Hakaret olmadığı sürece öğretmen ikaz için çocuğa sesini yükseltebilir bence

Büyütülcek bir konu değil
 
Aynen öyle Mune. Mesela tuvalet eğitimine çok önem veriyoruz, hatta misafirliğe oraya buraya gitmeye ara veriyoruz. Evde bezlemiyoruz, gittiğimiz yerde de altına yapmasın, çocuğun kafası karışmasın diyoruz. Ortalama 3 yaş civarı çocuğa bunu öğretirken başkasının eşyasını sormadan izinsiz alamayız ı da öğretmeliyiz. Evet çocuk bu, bazen hiç yapmadığı şeyi yapabiliyor ama bu istisna olmalı. Paylaşmayı zor öğreniyorlar, empati yapmayı bilmiyorlar. Sabırla öğretmek anlatmak zorundayız. Kimse çocuğa ilk temel kuralları evde öğretmezse öğretmen hangi biriyle başa çıksın?
Katılıyorum, altını çizeyim direkt konuda geçen olay, konu sahibi, çocuğu ve öğretmeni üzerinden yazmıyorum genel bir paylaşım yapıyorum o yüzden kimse alınmasın, ikimizin de yazdıkları çocuk büyütmüş anne tecrübesi, küçük yaş çocuklarından elbette yetişkin gibi davranmasını beklemiyoruz ama çocuklar doğduğu andan itibaren eğitime açıklar, daha 1-2 aylıkken agu demeyi öğretmeye çalışarak bebeklere yavaş yavaş konuşmayı, belli saatlerde uyutup belli saatlerde uyandırarak gece-gündüz kavramını öğreten biziz, bebekler konuşmaya başlamadan evvel anlamayı öğreniyorlar, siz bir hareket gösterirsiniz mesela bay bay deyip el sallama hareketi diyelim, çocuk önce o hareketi anlamaya çalışır, bir yerden bir yere giderken bu hareket yapılıyoru algılar, bir süre sonra bay bay dediğinizde bebek otomatik olarak el sallamaya başlar, bunların hepsi eğitimdir.
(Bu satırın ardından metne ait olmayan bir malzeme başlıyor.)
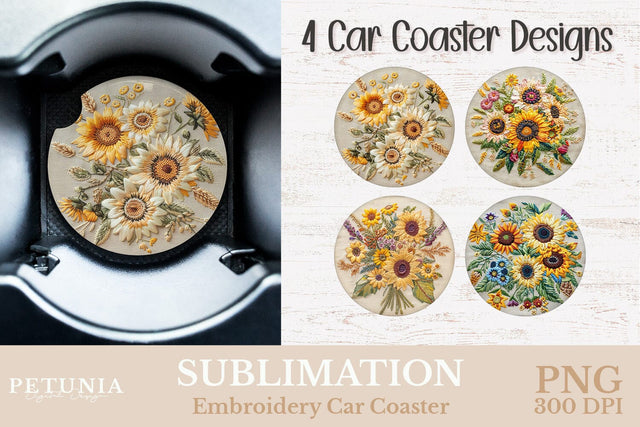 Embroidery Car Coaster PNG | Car Coaster Sublimation Designs Sublimation Petunia Digital Design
Kavramları öğretirken zaten algıları açık olan ve doğduğundan itibaren çevresinde gördüğü her şeyi önce belleğine kaydedip sonra taklit etmeye başlayan ve kişilik gelişiminin evdeki eğitime göre şekillendiği çocuklarımızı önce evde eğitmeliyiz dışarıda uyum sorunu yaşamasın, okul kısmını bir kenara bırakalım, evde başka dışarıda başka davranmasını beklediğimiz çocuk çok zorlanıyor, anneanne babaanneye gidince bile farklı davranılması çocuğu etkiliyor, o yüzden bana göre bebeklikten itibaren kurallı ve istikrarlı bir eğitim şart.
 
Ben cidden aşırı sabırlı ve çok yumuşak bir öğretmenim. Ama mesela bir çocuk ( ilkokul veya ortaokul) tuvalet için izin istiyor. "Hayır" diyorum. Yine istiyor " hayır" diyorum. Yine istiyor bu sefer sert bir şekilde ama bağırmadan "hayır" diyorum, o zaman pes ediyor. Bu arada çocuğun gerçekten tuvaleti olsa izin veririm ama sırf muziplikten gitmek istiyor .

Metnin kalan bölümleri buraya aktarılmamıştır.